There were no more letters from Mrs. Guy Thornton until the next

Christmas time, when another box went to little Daisy, and was

acknowledged as before. Then another year glided by, with a third box to

Daisy, and then one summer afternoon in August there came to Saratoga a

gay party from New York, and the clerk at Congress Hall registered, with

other names, that of Miss McDonald. Indeed, it seemed to be her party,

or at least she was its center, and the one to whom the others deferred

as to their head. Daisy was in perfect health that summer, and in

unusually good spirits, and when in the evening, yielding to the

entreaties of her friends, she entered the ball-room, clad in flowing,

gauzy robes of blue and white, with costly jewels on her neck and arms,

she took all hearts by storm, and was acknowledged at once as the star

and belle of the evening. She did not dance--she rarely did that

now--but after a short promenade through the room she took a seat near

the door, and was watching the gay dancers when she felt her arm softly

touched, and, turning, saw her maid standing by her with an anxious,

frightened look upon her face.

"Come, please, come quick," she said in a whisper, and, following her

out, Miss McDonald asked what was the matter.
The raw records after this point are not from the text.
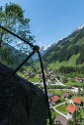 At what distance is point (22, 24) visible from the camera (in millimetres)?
19484

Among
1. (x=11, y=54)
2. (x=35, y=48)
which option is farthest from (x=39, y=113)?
(x=11, y=54)

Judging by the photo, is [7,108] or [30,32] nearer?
[7,108]

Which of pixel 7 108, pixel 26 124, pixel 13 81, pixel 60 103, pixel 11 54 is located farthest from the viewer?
pixel 60 103

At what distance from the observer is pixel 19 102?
6617 millimetres

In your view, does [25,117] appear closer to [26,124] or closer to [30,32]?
[26,124]

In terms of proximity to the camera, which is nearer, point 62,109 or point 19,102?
point 19,102

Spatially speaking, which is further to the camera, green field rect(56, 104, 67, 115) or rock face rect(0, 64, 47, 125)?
green field rect(56, 104, 67, 115)

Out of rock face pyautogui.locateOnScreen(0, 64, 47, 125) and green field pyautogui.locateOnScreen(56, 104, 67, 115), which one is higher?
green field pyautogui.locateOnScreen(56, 104, 67, 115)

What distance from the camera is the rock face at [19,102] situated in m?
6.16

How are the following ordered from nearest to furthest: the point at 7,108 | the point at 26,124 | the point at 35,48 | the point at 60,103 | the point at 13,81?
the point at 35,48, the point at 7,108, the point at 26,124, the point at 13,81, the point at 60,103

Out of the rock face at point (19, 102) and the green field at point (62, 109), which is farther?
the green field at point (62, 109)

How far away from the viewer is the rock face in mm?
6155

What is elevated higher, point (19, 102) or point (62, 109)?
point (62, 109)

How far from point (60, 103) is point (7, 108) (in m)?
110
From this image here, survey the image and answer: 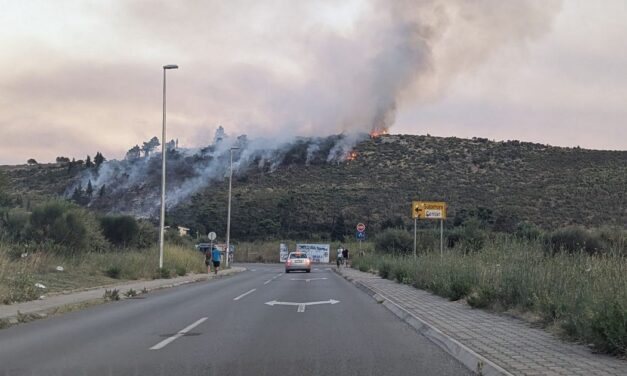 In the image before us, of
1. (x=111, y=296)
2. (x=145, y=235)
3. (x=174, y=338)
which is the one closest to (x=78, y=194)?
(x=145, y=235)

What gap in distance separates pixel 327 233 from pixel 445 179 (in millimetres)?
14753

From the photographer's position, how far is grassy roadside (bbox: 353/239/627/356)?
30.1 feet

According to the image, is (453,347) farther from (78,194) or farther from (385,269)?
(78,194)

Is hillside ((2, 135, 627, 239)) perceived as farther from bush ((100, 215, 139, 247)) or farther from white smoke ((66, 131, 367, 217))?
bush ((100, 215, 139, 247))

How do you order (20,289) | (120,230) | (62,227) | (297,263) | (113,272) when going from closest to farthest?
(20,289), (113,272), (62,227), (120,230), (297,263)

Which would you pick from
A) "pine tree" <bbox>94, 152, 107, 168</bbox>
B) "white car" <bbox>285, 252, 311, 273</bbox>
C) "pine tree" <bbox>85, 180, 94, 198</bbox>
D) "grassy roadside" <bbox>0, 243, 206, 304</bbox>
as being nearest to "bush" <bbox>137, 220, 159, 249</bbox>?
"grassy roadside" <bbox>0, 243, 206, 304</bbox>

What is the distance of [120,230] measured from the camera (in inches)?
1642

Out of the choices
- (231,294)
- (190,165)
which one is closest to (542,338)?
(231,294)

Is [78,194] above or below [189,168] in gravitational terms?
A: below

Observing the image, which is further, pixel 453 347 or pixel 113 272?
pixel 113 272

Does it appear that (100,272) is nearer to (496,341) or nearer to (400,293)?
(400,293)

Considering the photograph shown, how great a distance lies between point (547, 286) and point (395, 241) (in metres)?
35.5

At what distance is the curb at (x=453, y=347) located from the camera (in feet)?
26.8

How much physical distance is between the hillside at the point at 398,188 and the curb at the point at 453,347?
42.2 metres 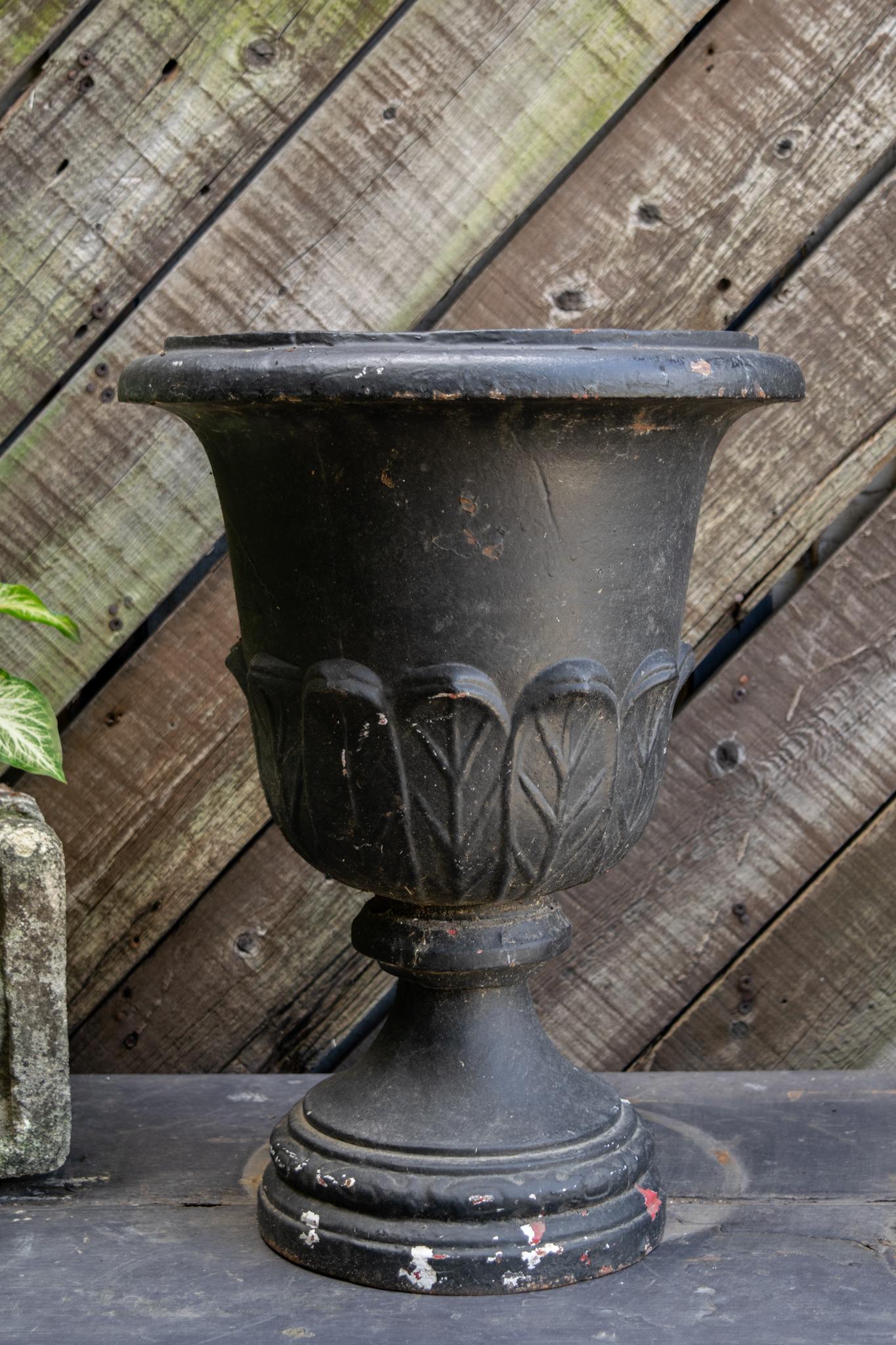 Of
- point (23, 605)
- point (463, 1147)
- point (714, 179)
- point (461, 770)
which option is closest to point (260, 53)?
point (714, 179)

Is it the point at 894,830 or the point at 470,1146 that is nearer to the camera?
the point at 470,1146

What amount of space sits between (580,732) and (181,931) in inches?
36.9

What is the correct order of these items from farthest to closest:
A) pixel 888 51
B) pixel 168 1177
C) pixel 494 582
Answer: pixel 888 51
pixel 168 1177
pixel 494 582

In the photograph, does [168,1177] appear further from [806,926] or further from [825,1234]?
[806,926]

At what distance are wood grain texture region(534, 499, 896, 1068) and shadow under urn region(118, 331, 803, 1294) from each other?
0.58 meters

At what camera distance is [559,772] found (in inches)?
55.6

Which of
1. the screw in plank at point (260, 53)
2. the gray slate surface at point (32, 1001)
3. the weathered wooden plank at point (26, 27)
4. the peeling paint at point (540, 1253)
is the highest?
the screw in plank at point (260, 53)

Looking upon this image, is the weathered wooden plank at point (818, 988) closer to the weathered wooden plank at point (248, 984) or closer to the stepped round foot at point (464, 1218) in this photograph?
the weathered wooden plank at point (248, 984)

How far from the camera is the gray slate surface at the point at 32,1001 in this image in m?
1.59

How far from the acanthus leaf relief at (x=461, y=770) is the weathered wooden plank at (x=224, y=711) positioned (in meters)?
0.59

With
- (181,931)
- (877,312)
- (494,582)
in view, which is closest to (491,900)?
(494,582)

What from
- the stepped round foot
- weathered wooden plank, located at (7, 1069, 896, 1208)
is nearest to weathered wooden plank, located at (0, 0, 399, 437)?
weathered wooden plank, located at (7, 1069, 896, 1208)

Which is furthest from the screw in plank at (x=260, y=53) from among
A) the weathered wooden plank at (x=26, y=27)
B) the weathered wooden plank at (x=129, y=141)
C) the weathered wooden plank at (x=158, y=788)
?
the weathered wooden plank at (x=158, y=788)

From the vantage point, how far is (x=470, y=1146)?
1478 millimetres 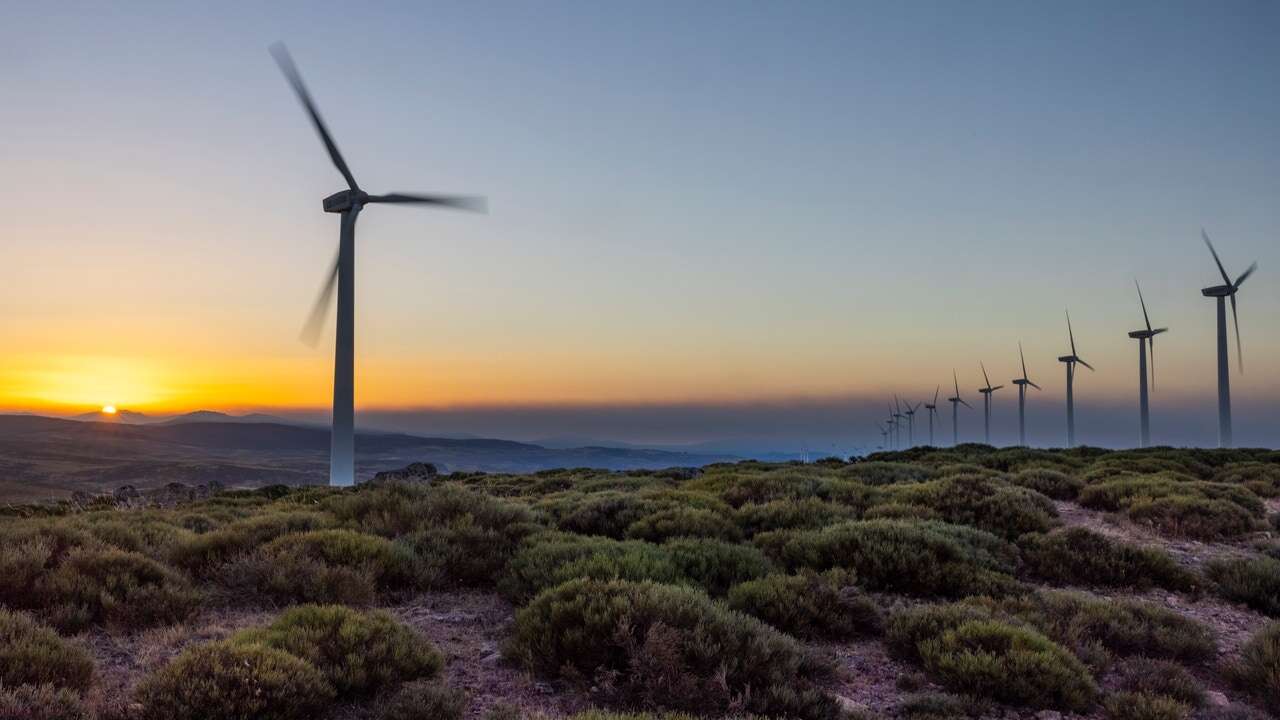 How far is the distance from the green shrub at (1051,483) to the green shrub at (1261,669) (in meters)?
12.4

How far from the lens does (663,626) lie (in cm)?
741

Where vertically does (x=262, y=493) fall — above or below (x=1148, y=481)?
below

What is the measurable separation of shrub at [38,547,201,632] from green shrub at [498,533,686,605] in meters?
4.03

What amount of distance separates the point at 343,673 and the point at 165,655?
2303 mm

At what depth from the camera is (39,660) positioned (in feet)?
21.3

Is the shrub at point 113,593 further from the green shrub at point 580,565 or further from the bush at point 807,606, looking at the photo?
the bush at point 807,606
"This--you must go away at once. I'll pack your things. I promised not

to tell, but I must. I can't see your pretty face all spoiled and ugly."

"What do you mean?" the lady asked, and after a little she made out from

the girl's statement that in strolling on the back piazza she had

stumbled upon her first cousin, of whose whereabouts she had known

nothing for a long time.

The girl, Mary, had, it seemed, come to Saratoga a week or ten days

before, with her master's family, consisting of his wife and two

children. As the hotel was crowded they were assigned rooms for the

night in a distant part of the house, with a promise of something much

better on the morrow. In the morning, however, the lady, who had not

been well for some days, was too sick to leave her bed, and the doctor

who was called in to see her, pronounced the disease--here Sarah stopped

and gasped for breath and looked behind her and all ways, and finally

whispered a word which made even Miss McDonald start a little and wince

with fear.

"He do call it the very-o-lord," Sarah said, "but Mary says it's the

very old devil himself. She knows, she has had it, and you can't put

down a pin where the cratur didn't have his claws. They told the

landlord, who was fur puttin' 'em straight outdoors, but the doctor said

the lady must not be moved--it was sure death to do it. It was better to

keep quiet, and not make a panic. Nobody need to know it in the house,

and their rooms are so far from everybody that nobody would catch it. So

he let 'em stay, and the gentleman takes care of her, and Mary keeps the

children in the next room, and carries and brings the things, and keeps

away from everybody. Two of the servants know it, and they've had it,

and don't tell, and she said I mustn't, nor come that side of the house,

but I must tell you so that you can leave to-morrow. The lady is very

bad, and nobody takes care of her but Mr. Thornton. Mary takes things to

the door, and leaves them outside where he can get them."